Input file: file.txt
some header information
XX 123 456 abc
XX 234 567 def
XX 456 345 ghi
END
XX 345 654 ijk
XX 567 789 klm
XX 678 asd mno
XX 567 thy mnb
YY 123 dft fty
XX 456 tfg tyg
XX 456 thu gtr
PAGE2
XX 345 dcf try
Desired output:
file1.txt
XX 123 456 abc
XX 234 567 def
XX 456 345 ghi
file2.txt
XX 345 654 ijk
XX 567 789 klm
XX 678 asd mno
XX 567 thy mnb
file3.txt
XX 456 tfg tyg
XX 456 thu gtr
file4.txt
XX 345 dcf try
Upvotes: 2
Views: 744
Reputation: 133670
Following awk
may also help you in same.
awk '!/^XX/{delete a[XX];if("file"val".txt"){close("file"val".txt")};next} FNR>1 && !a[XX]++{val++} /^XX/{print > "file"val".txt"}' Input_file
it will create 4 output files as follows.
-rw-rw-r-- 1 singh singh 15 Jan 17 22:29 file4.txt
-rw-rw-r-- 1 singh singh 32 Jan 17 22:29 file3.txt
-rw-rw-r-- 1 singh singh 60 Jan 17 22:29 file2.txt
-rw-rw-r-- 1 singh singh 45 Jan 17 22:29 file1.txt
Above is written and tested in GNU awk
in case you don't have GNU awk
you could change from delete a[XX]
to for(num in a){delete a[num]}
too. I will also add explanation too now for same.

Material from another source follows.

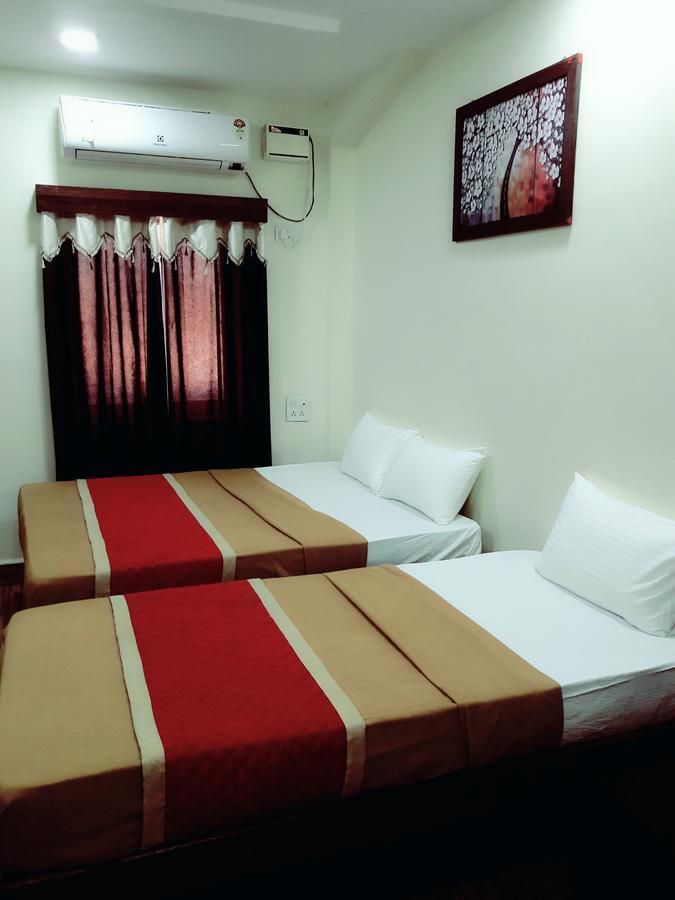 Hotel City Comfort Madgaon Ngoại thất bức ảnh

EDIT: Adding a non-one liner form of solution along with explanation too here.
awk '
!/^XX/{ ##Checking condition here if a line is NOT starting from string XX then do following:
delete a[XX]; ##delete the array named a content whose index is string XX here. This is to make sure XX count is getting increased only once not in all occurrences of string XX.

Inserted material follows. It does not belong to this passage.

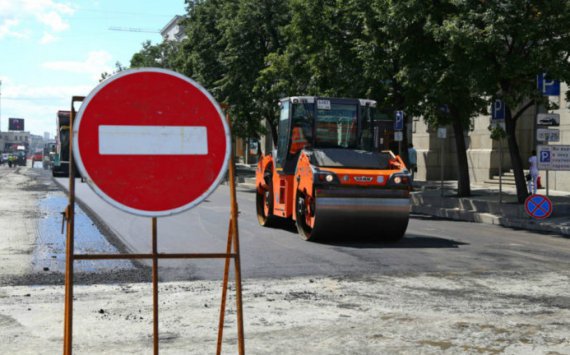 В Омске на ремонт проспекта Карла Маркса выделили 103,5 млн рублей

if("file"val".txt"){ ##Checking here if a file named "file"val".txt" is opened here, if yes then close it so that we could avoid the problem of too many files opened here.
close("file"val".txt") ##closing the file named "file"val",txt" here.
}
next ##next is awk out of the box keyword which will skip all further statements from cursor current position and awk will read next line and start executing the statement from starting again.
}
FNR>1 && !a[XX]++{ ##Checking condition here if line number is greater than 1 and array a value with index of string XX is NULL then do following:
val++; ##Increasing the value of variable named val here with 1 each time cursor comes in here.
}
/^XX/{ ##Checking condition here if a line is starting from string XX here then do following:
print > "file"val".txt" ##Printing the current line into variable "file"val".txt" which is actually the output file name like file1.txt, file2.txt etc etc..
}
' Input_file ##Mentioning the Input_file name here.
Upvotes: 1
Reputation: 16997
Using awk
, one-liner:
$ awk '!/^XX/{if(f)close(f);f=sprintf("file%d.txt",++n);next}{print >f}' infile
Explanation:
awk '!/^XX/{ # if line/record/row does not start with XX
if(f) # if variable f was set before
close(f); # close file
f=sprintf("file%d.txt",++n); # pre increment variable n, generate new file name
next # go to next line
}
{
print >f # Records starts with XX will be
# written to file defined in variable f
}
' infile
Test Results:
Input:
$ cat infile
some header information
XX 123 456 abc
XX 234 567 def
XX 456 345 ghi
END
XX 345 654 ijk
XX 567 789 klm
XX 678 asd mno
XX 567 thy mnb
YY 123 dft fty
XX 456 tfg tyg
XX 456 thu gtr
PAGE2
XX 345 dcf try
Output:
$ cat file1.txt
XX 123 456 abc
XX 234 567 def
XX 456 345 ghi
$ cat file2.txt
XX 345 654 ijk
XX 567 789 klm
XX 678 asd mno
XX 567 thy mnb
$ cat file3.txt
XX 456 tfg tyg
XX 456 thu gtr
$ cat file4.txt
XX 345 dcf try
For comment:
if there are too many lines in header information of the input file, the output file name starts with a bigger number. How can I start the output file from ouput1.out and so on?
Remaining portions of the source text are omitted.